Records for this task:
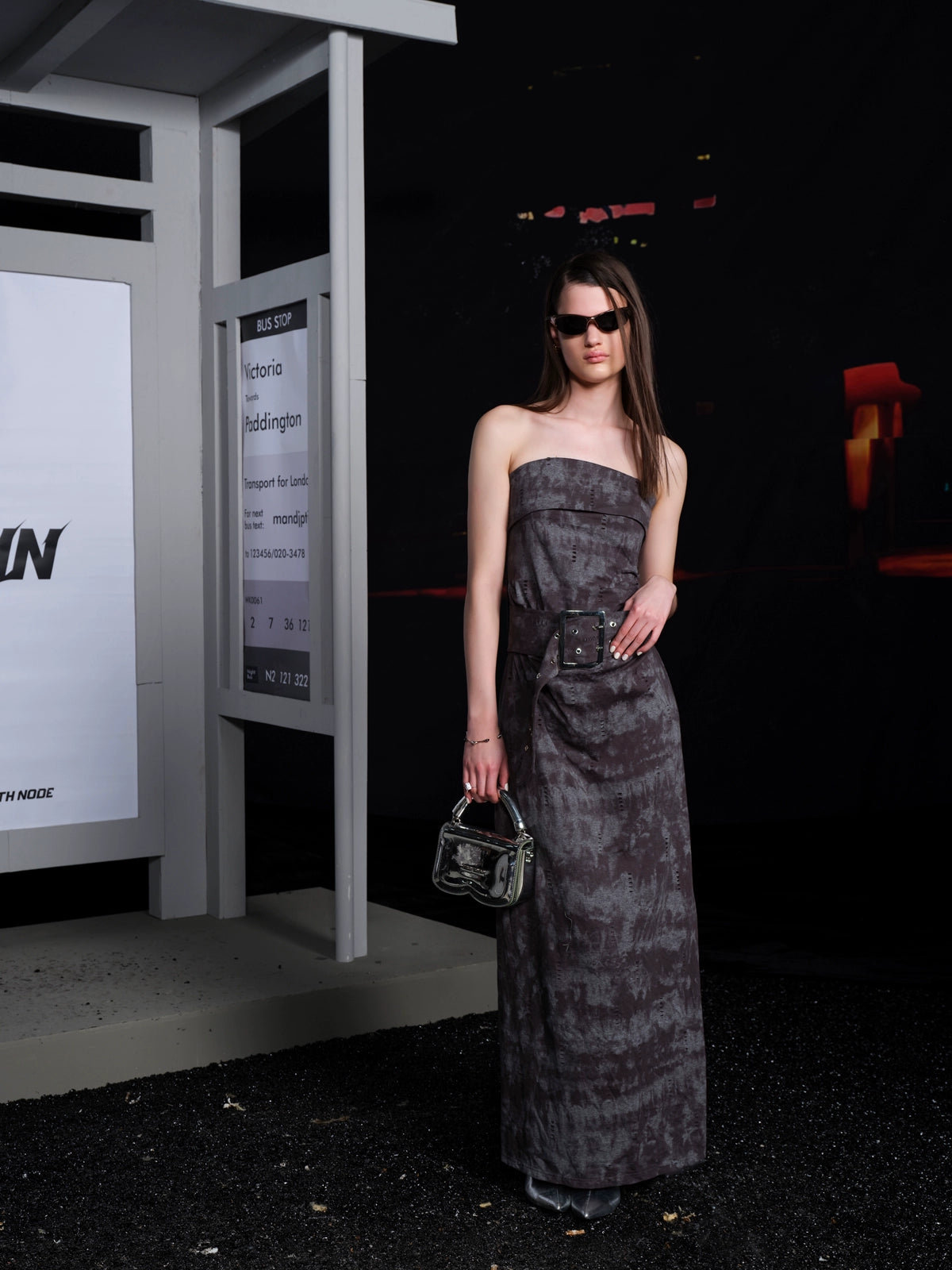 TIE-DYE TUBE DRESS WITH BELT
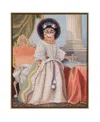 Madison Park Pet Portrait Kitty Queen Charlotte Framed Canvas Wall Art In Open Misce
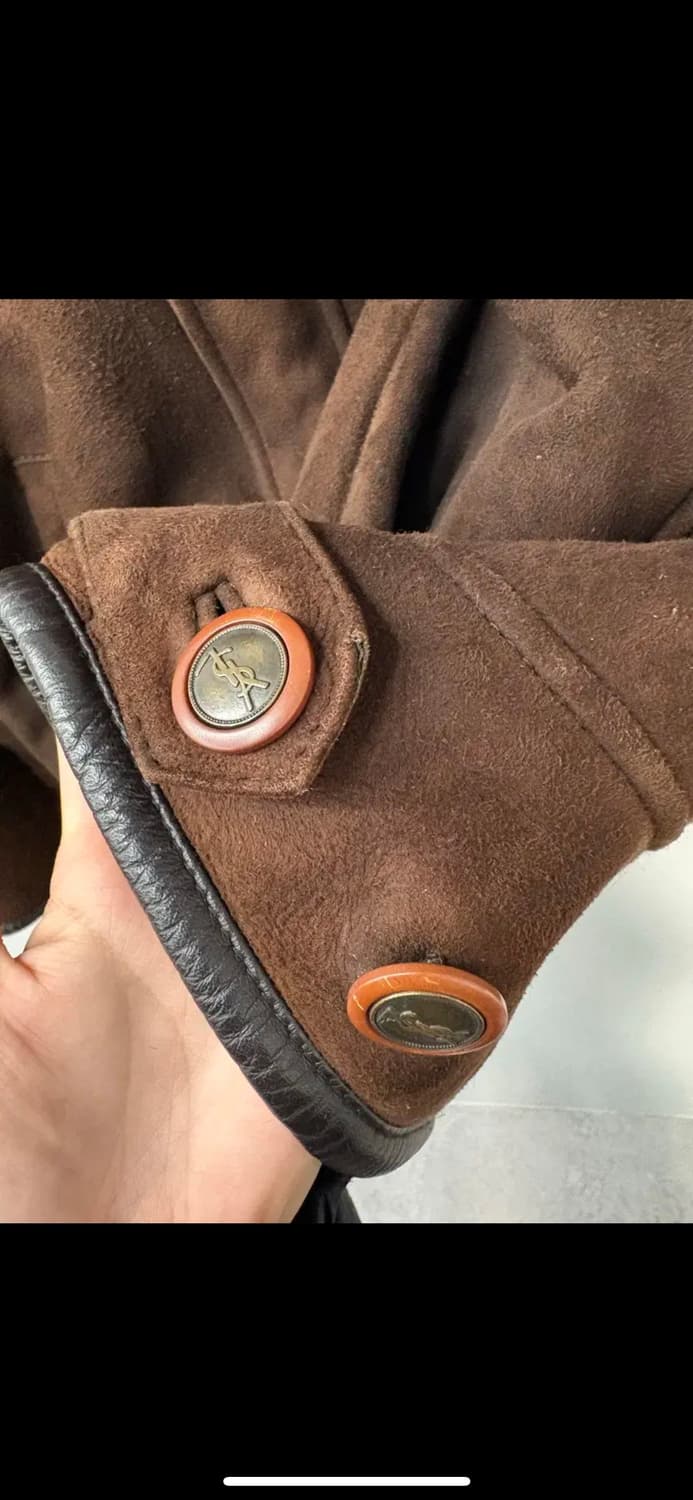 입생로랑 양가죽 스웨이드 무스탕 자켓 H1073 상품이미지6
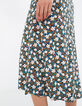 Blauwe midi-rok witte bloemenprint dames-5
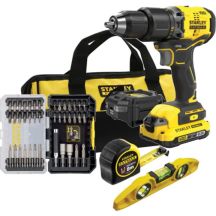 STANLEY SFMCK101D1S Drill and Screwdriver Set + Accessories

The task:
The expected answer is the lines from the one that has "Madison Park Pet" to the end of the listing, transcribed exactly, with pictures left out and no other line added.

Solution for this problem:
 Madison Park Pet Portrait Kitty Queen Charlotte Framed Canvas Wall Art In Open Misce
 입생로랑 양가죽 스웨이드 무스탕 자켓 H1073 상품이미지6
 Blauwe midi-rok witte bloemenprint dames-5
 STANLEY SFMCK101D1S Drill and Screwdriver Set + Accessories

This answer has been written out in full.